这年头没有教辅书,都是老师们按照经验出题,再送到学校打印室内,按照班级学生的数量油印出来,学生多的都没有。
上回聂卫平去接芽芽的时候,聂互助就让人跟芽芽说了,把写过的试卷拿回来。
芽芽带回来的试卷里有些是老师讲完试卷后,她跟老师讨回来的,老师也没有的就拿自己做过的,一个学期一张试卷都没有落下。
聂互助正在做一张已经批改过的,拿作业本把芽芽的笔记盖住,自己写了对照。
这边正焦头烂额的答题,哪里有空搭理亲妈,不耐烦的说:“世界上男人又不是都死光了,只剩一个李敬修,我没必要去抢芽芽的。”

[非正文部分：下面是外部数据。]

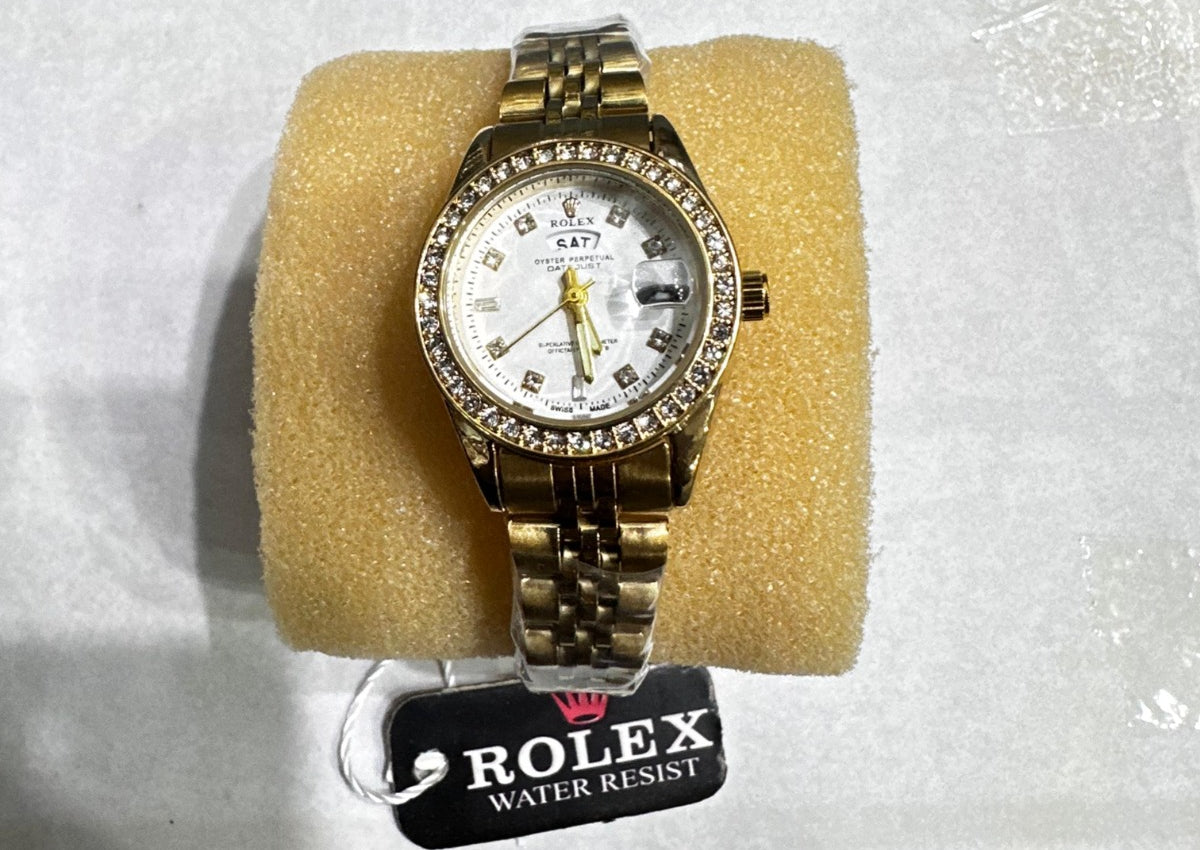 AA1 ROLEX DATE WORKING STAINLESS STEEL CHAIN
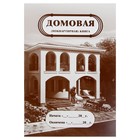 Домовая (поквартирная) книга А4, 8 листов, обложка мелованный картон 215 г/м², блок писчая бумага 65 г/м² - Фото 1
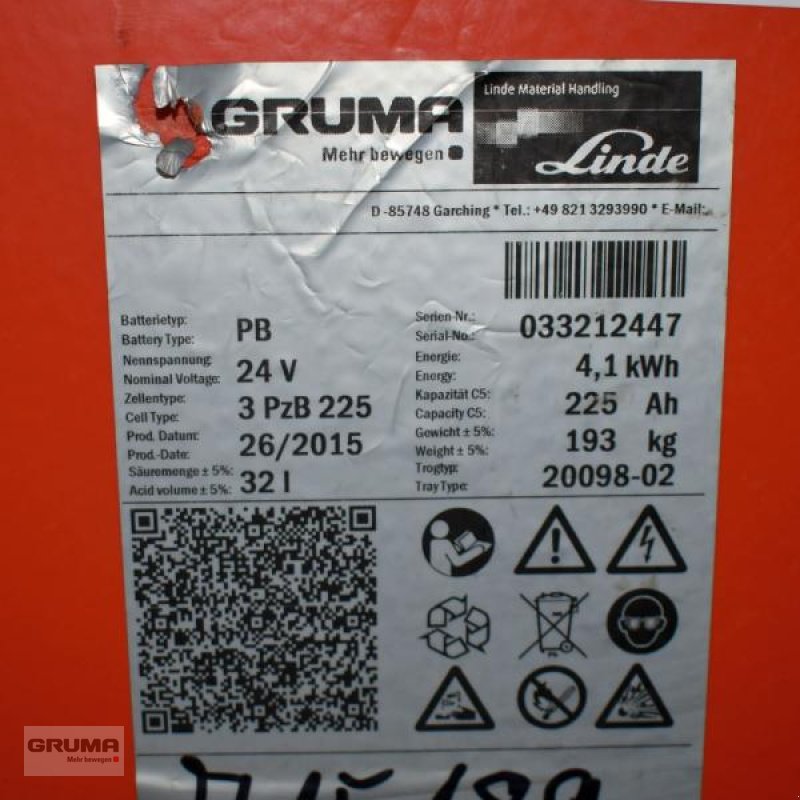 Sonstige Teile des Typs Gruma 24 Volt 3 PzB 225 Ah, Gebrauchtmaschine in Friedberg-Derching (Bild 5)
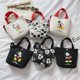thumbnail image 2 of Disney-Mini mochila de Mickey y Minnie Mouse para niñas, bolso de hombro Diagonal, Bolso pequeño de lona coreano portátil, monedero para niñas2122x17x7cm Fivean unisex, 2 of 2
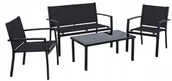 Meble ogrodowe - MEBLE OGRODOWE ZESTAW komplet na taras ogród STÓŁ fotele sofa - miniaturka - grafika 1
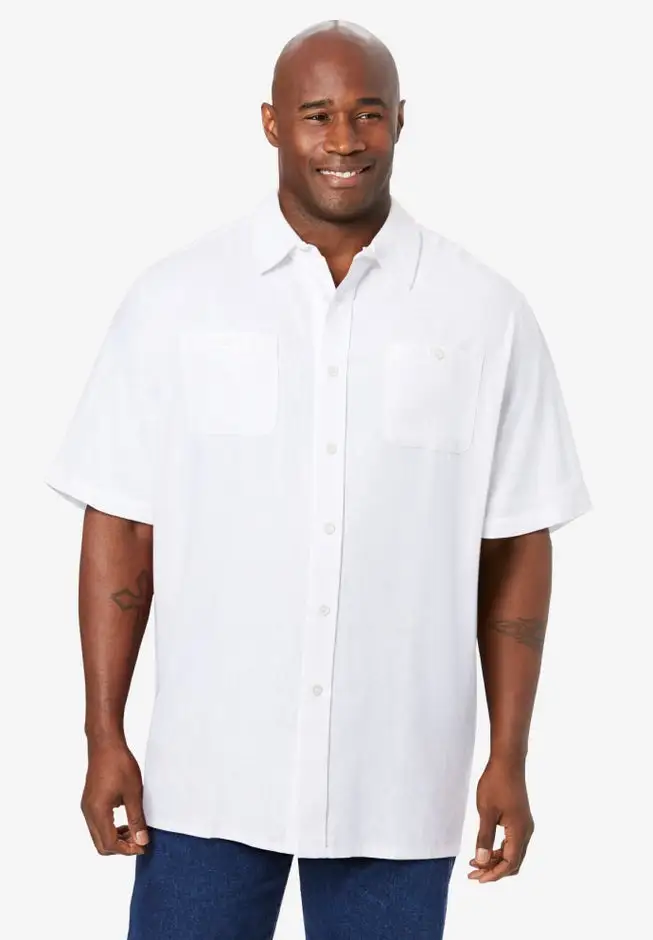 Short-Sleeve Linen Shirt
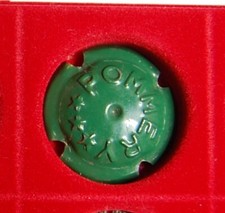 1 Plaque de muselet de champagne Pommery à encoches estampée 28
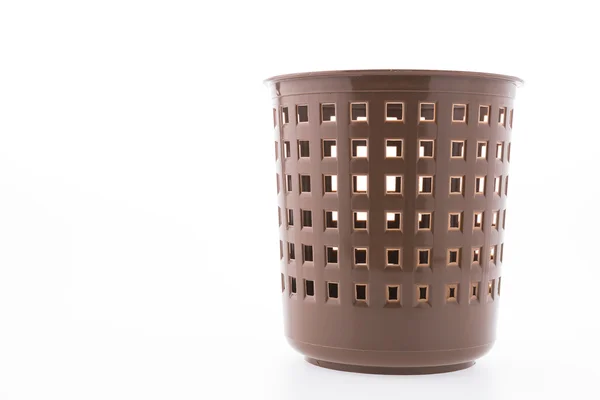 Plastic basket isolated on white background — Stock Photo, Image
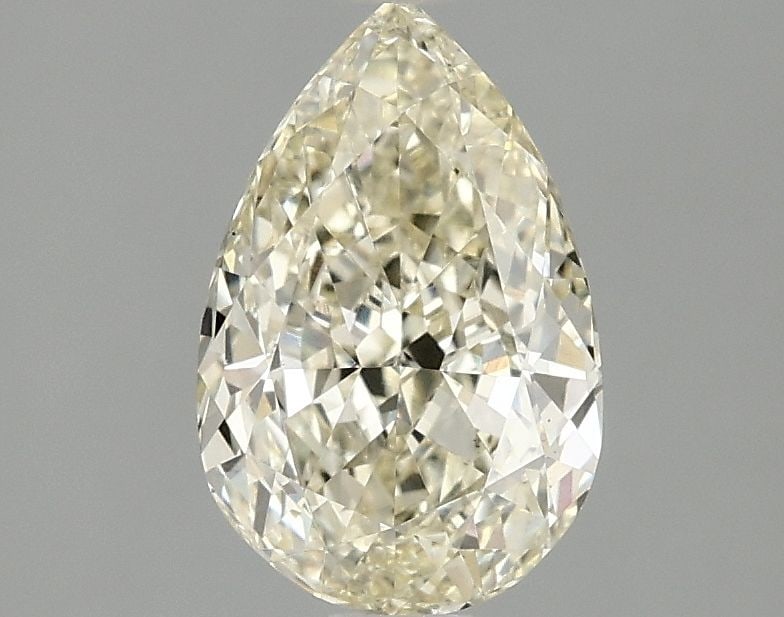 Loose Diamond - PEAR 1.53ct Fancy Light Yellow VS2: Loose Diamond - PEAR 1.53ct Fancy Light Yellow VS2 Source: This is a real non-mined Diamond that has been grown in a lab Shape: PEAR Carats: 1.53 Color: Fancy Light Yellow Certification: IGI Video:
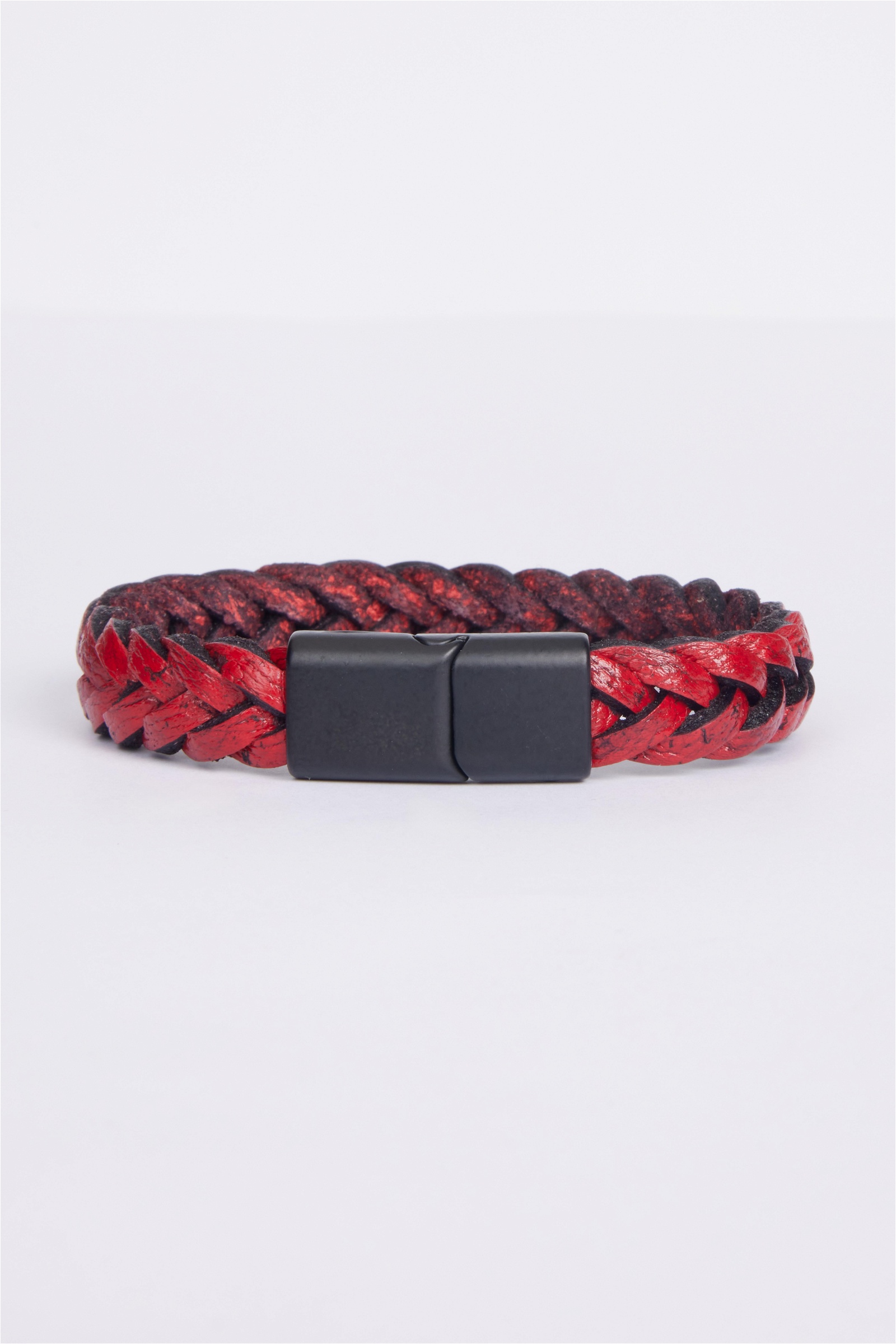 Leather Red Bracelet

田淑珍像是听到了惊天大消息,“你是说李敬修跟芽芽处对象了?”
“那你去问芽芽呗”聂互助都不带抬头的,一点兴趣都没有。
刚上初中那会,李敬修因为学习好确实是学校里的名人,那时她也犯过花痴,把情窦初开的幻想全抛出去。
奈何人家看不上啊。
为此她讨厌了芽芽好一阵子。
经芽芽开导了以后,再加上现在上高中开智了,聂互助对以前自己死皮白赖的样还挺看不上。
那么多的好男人,她就不信自己抓不到一个。
瞧见闺女不响应,田淑珍也觉得无趣,自己搬凳子去生产大队院子看电视去了。
来时蒋文英特意让孩子们代笔,给薛爱莲写过信,问了下芽芽生父那一支的血脉情况,听说人丁单薄,三代单传。
按照当下男孩子继承香火的说法就是凌波死了就绝后了。
信末了,薛爱莲还叨叨了一句:都是老迷信,绝什么后,芽芽身上流的就是老凌家的血,她就是后!
蒋文英是个传统的女人,搁自己身上那是抱着肯定要给老聂家生儿子的信念,但搁闺女身上就觉得学爱莲说得针对。
看了信之后对聂三牛说:“人丁要旺,咱们就大操大办,不能让人家看轻了你妹妹,就算那边现在不剩亲人,也不能不办,你到时候买些鞭炮在村门口放,告诉老凌家的祖宗,他们血脉回去了。”
聂卫平都应了。
李敬修在老聂家修整修整,就去了S城。
S城也属于北方,坐火车的时候三人就发现了作物种植差不多一样,就是这边棉花种得多。
现在也是棉花采摘的季节。
下了火车正是饭点,三人极有默契,拉着人的第一句话都是:“这哪有好吃的啊!”
这地还算繁荣,进了一家集体性质的饭馆,聂卫平安置好妹妹后就起了身打算去附近的市场换粮票。
各地粮票政策不一样,这次出来摸不准S城粮票的情况,所以蒋文英在兄妹两贴身的衣兜里都放了不少粮票。
本地拿粮食去换的粮票只能本地流通,还得换成全国粮票。